MSNBC's Matthews Compares Anti-Gingrich Ads to Dresden Firebombing

January 3rd, 2012 3:45 PM

If anyone's going to destroy Newt Gingrich's presidential aspirations, Hardball's Chris Matthews would rather it be him, or at least someone else in the liberal media. Appearing on colleague Tamron Hall's NewsNation program in today's 2 p.m. Eastern hour, Matthews whined about anti-Gingrich "bombing campaign" of TV ads placed by political action committees that have helped to drive down the former Speaker's poll numbers in the run up to tonight's caucuses.

"My sympathy is not for Newt, it's for democracy," Matthews pontificated, having argued that Romney's "wealthy friends have destroyed" Gingrich with a "Dresden"-style "bombing campaign." [video follows page break; MP3 audio available here]
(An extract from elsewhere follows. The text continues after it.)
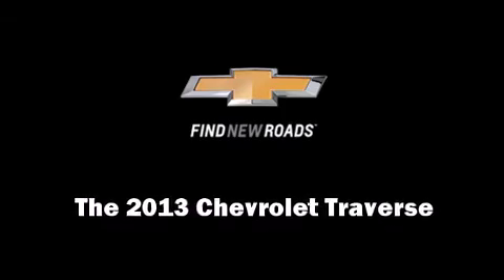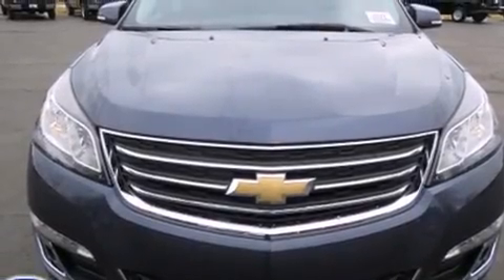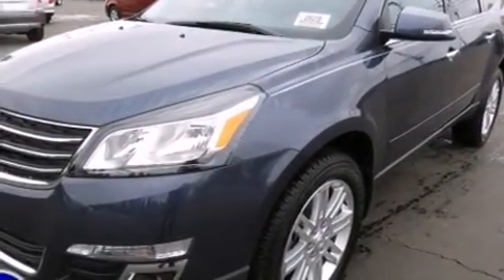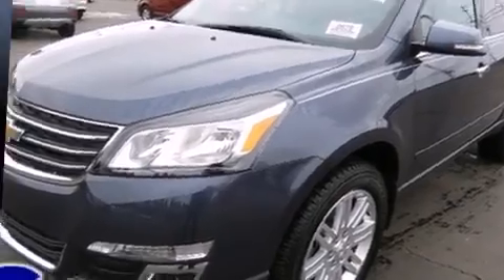Discerning drivers will appreciate the 2013 Chevrolet Traverse. It features an automatic transmission, front-wheel drive, and a refined six-cylinder engine.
"It's been run by the Romney people, unofficially, but everybody knows who's running [it], it's called Restore Our Future .... I can only compare it to the Allied bombing of Dresden in World War II. They've left nothing standing in terms of the Gingrich campaign," Matthews complained.

"In this case, Newt was wronged, and that's hard for me to say that, but he was wronged by this system," Matthews groused, parroting a liberal complaint about the 2010 Citizens United Supreme Court decision which allowed for so-called Super PACs.

Matthews went even further by arguing, in essence, that third-party issue ads run against candidates in a primary race is un-American and an insult to the men and women who laid down their lives for the freedom and security of the United States:

My love is for democracy. My love is for a maybe a romantic notion of a fair fight. The idea that two or three or five or seven people go in a ring and you get a good look at all of them, they make their best case, and you judge among them. In live television or in live performances.

A real American-style election.

What you've seen out here is nothing like democracy. It's not about equality, it's about financial equity. It's not about democracy, it's about dollars.

This is not what people fought for in all our wars. This is not what the Founding Fathers had in mind. This is Dresden. This is a bombing campaign without a signature attached to it, and that's what's been going out here for weeks.

And I'll tell ya, the scary thing about it, it's worked. And that's the scary thing. You watch down the road, every political consultant is watching this situation in Iowa saying, "Next time I find a candidate, I'm going to find one with deep, deep pockets, with many, many friends who are going to kick in enormous amounts of money to destroy my guy's or my woman's opponent."

And that is not the template we want for our country as we move forward, I don't think.

Of course, Founding Fathers like John Adams, James Madison, and Thomas Jefferson faced all manner of anonymous criticisms, some legitimate and others scurrilous, during their campaigns for the presidency. Third party issue ads are hardly a new phenomenon, having existed well before the 2010 Citizens United case.

Perhaps what really bugs Matthews is not just that Gingrich may be taken out of contention in Iowa -- meaning he won't have his favorite whipping boy Newt to kick around anymore -- but that the same conservative issue ad apparatus is going to prove devastating in the general election fight against President Obama.

After all, Matthews himself is on record confessing that he believes it's his duty to help Obama succeed.

P.S.: Speaking of Dresden comparisons, as my colleague Brent Baker noted back in March 2003, then-MSNBC anchor Brian Williams was chided, although not by name, by Defense Secretary Rumsfeld for comparing U.S. precision bombing of Iraqi military targets to Dresden.